Optimistic Decentralized Machine Learning
Optimistic decentralized machine learning works similarly to optimistic rollups. Computation is assumed to be correct unless someone submits a fraud-proof to show otherwise. In practice, the training node logs each step of the process — including the initial weight matrix, training data, and resulting weight matrix. If the log also records the random seeds, the entire computation becomes deterministic and reproducible.
Validator nodes can then randomly sample segments of the training log and verify them. If any inconsistencies are found, the training node loses its stake. This method has the lowest computational cost: it doesn’t require expensive zero-knowledge proof generation, and unlike consensus-based validation, only randomly selected parts of the computation need to be re-verified. This makes it the most efficient of the three approaches.
Finally, decentralized training requires a “node marketplace” — a platform where available computing resources can be discovered and utilized. An example is Aleph Cloud, which, like other cloud providers, offers computational capacity — but it is a decentralized platform designed to provide scalable storage, computing, and database services through a network of distributed nodes. It uses an ERC20 token to pay for the services, so it can be easily integrated with other blockchain-based solutions. Aleph nodes use trusted execution environments, so validation is less relevant in this case.
Decentralized Inference
For large-scale models, not only is training non-trivial due to the high computational demands but running the model (inference) is also challenging. This is especially true for reasoning models, where results emerge only after multiple consecutive forward passes — meaning the total computational power required for inference can far exceed that of training.
Since running a neural network works the same way as during training (inference is forward phases, whereas training involves many forward and backward phases), optimistic decentralized machine learning can also be applied here.
The main challenge in this context is privacy. Technologies like Homomorphic Encryption and Multiparty Computation (MPC) can help protect private data. At the same time, hardware performance continues to grow exponentially, and new techniques — such as 1.5-bit neural networks and distilled Mixture-of-Experts (MoE) models like DeepSeek — are increasingly making it possible to run these networks locally.

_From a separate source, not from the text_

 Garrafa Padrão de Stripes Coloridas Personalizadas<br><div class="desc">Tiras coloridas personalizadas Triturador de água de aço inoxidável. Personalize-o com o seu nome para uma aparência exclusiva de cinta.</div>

I believe that in the long run, we will be able to run such models locally — or at the very least, within privately rented trusted environments.
Conclusion
By now, it’s clear to most people that AI is going to bring about revolutionary changes. It will reshape our world in ways we can hardly imagine — and that’s without even mentioning the impact of humanoid robots. What’s absolutely crucial is who holds the power over AI. Will it remain centralized in the hands of a few large corporations, or will it become a shared public good that benefits all of humanity?
This makes one question central to our future: Will truly decentralized AI emerge?
Building such a system requires more than just technical innovation — it demands open datasets, decentralized storage, blockchain-based governance, and incentive mechanisms that allow communities to contribute and collaborate freely. It also needs sustainable solutions for decentralized training and inference, ensuring both efficiency and privacy.
If we succeed, we won’t just democratize AI — we’ll lay the groundwork for a new digital commons, where intelligence itself is co-created, transparent, and open to all.